The town of Eureka was a full blown city during the height of the silver and heavy ore days from 1910 to 1950. The Population,at the peak of it's heyday, grew to 3,908 (1920 census) and established Eureka as the sixth largest city in Utah. The money made by the mines gave rise to all of the cities in Utah county and even the Salt Lake City area.

The area, over time, has been known under at least three different names, Ruby Hollow, Tintic and Eureka. Even the famous Amelia Earhart spent some time in the Bullion Beck hotel in Eureka in 1928 while waiting for parts for her downed airplane.

When Franklin D. Roosevelt took over as president in March 1933 the country was in the midst of the worst depression ever experienced in the United States. Among the organizations established to help relieve the situation was the Civilian Conservation Corps, not only one of the first to begin operations across the country but also one of the most successful.

Compared to the rest of the nation Utah was hit particularly hard by the Great Depression of the 1930s. In 1933 Utah's annual per capita income of $300 was a mere 80 percent of the national average, and 35.8 percent of Utah's work force was unemployed.

The United States Forest Service supervised forty-seven camps; the Division of Grazing--now Bureau of Land Management (BLM)--had twenty-four camps working on erosion control projects and building reservoirs. The six Bureau of Reclamation camps worked primarily on irrigation development. The Moon River Project in the Uinta Basin was one of the biggest projects in the state.

One of the BLM projects was to work on erosion control in and around Eureka aka the Tintic during the mid 1930's.

During that time railway passages, roads, whether paved, dirt or gravel had culverts or underground drainage created. Then channeled the water runoff down to Main Street and on out of town through the natural aqueduct of the Eureka Fault.

The real problem with water run off was that the mines contained heavy metals. Those metals began to build up all through the Tintic.

In July of 1970, the White House and Congress worked together to establish the Environment Protection Agency (EPA) response to the growing public demand for cleaner water, air and land. Eureka became a superfund location to work on disposal of the heavy metals.

In September 2002, EPA and the Utah Department of Environmental Quality (UDEQ) selected a cleanup strategy for the site. In May 2003, EPA, the UDEQ, and their contractors completed the site's cleanup plan. The cleanup plan called for the removal of contaminated soil from residents' yards, replacing it with clean soil, and replanting the yards with new plants and shrubs.

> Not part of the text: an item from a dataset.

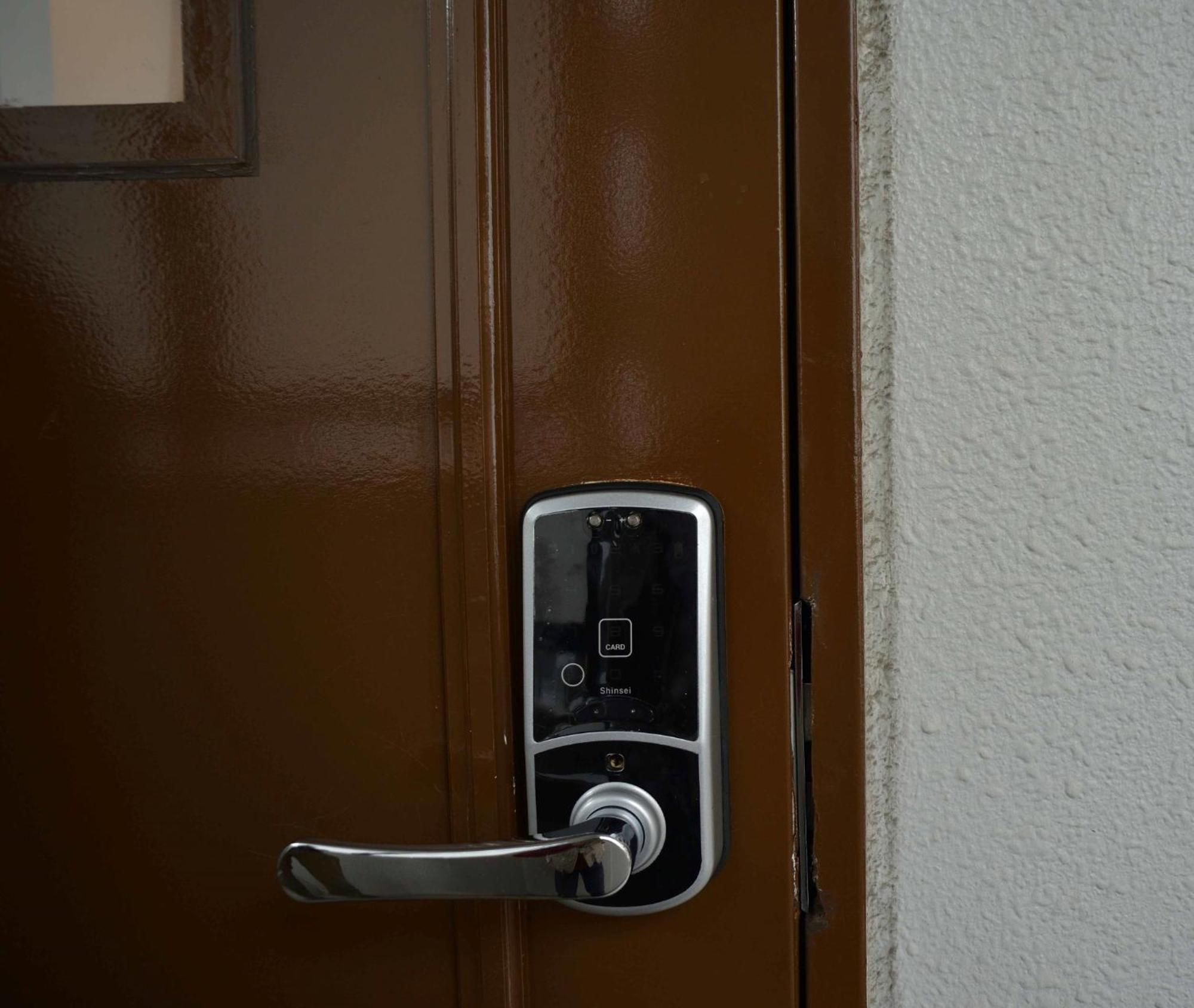 Jam Hostel Hakata Station Front Semi-Private Room With Shared Bathroom - Vacation Stay 61445 Fukuoka  Exterior photo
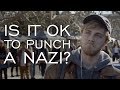Is It OK To Punch A Nazi We Asked Berkeley Students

The plan called for the areas of mine waste to be stabilized and covered with a clean material and rock to prevent direct human contact as well as erosion by wind and water.

Just as in the time of the CCC the EPA has taken over the job of controlling erosion and drainage. Now the added responsibility of the EPA is to maintain the historic nature of the work done by the CCC.

In conversations with the supervisors of the superfund project they show a genuine concern to maintain whatever work that was done by their predecessors.

CCC enrollees received wages of thirty dollars monthly, of which twenty-five dollars was sent home to their families, while the young men were allowed the remaining five dollars to spend on themselves through the month. More than $125,000 a month thus was pumped into the state's economy. During the 10-year CCC experience in Utah, more than 3.2 million trees were planted. The experimental terracing methods used above Bountiful became a standard for flood and erosion control in mountain terrain. Over the life of the program, the federal government spent $52 million in Utah. For all Utahans, including those who were never aware of the corps, the work done by those unsung heroes in the early days of the twentieth century, their labors and the monetary infusion from Tintic, the Salt Lake and Utah counties would be much different than they are today.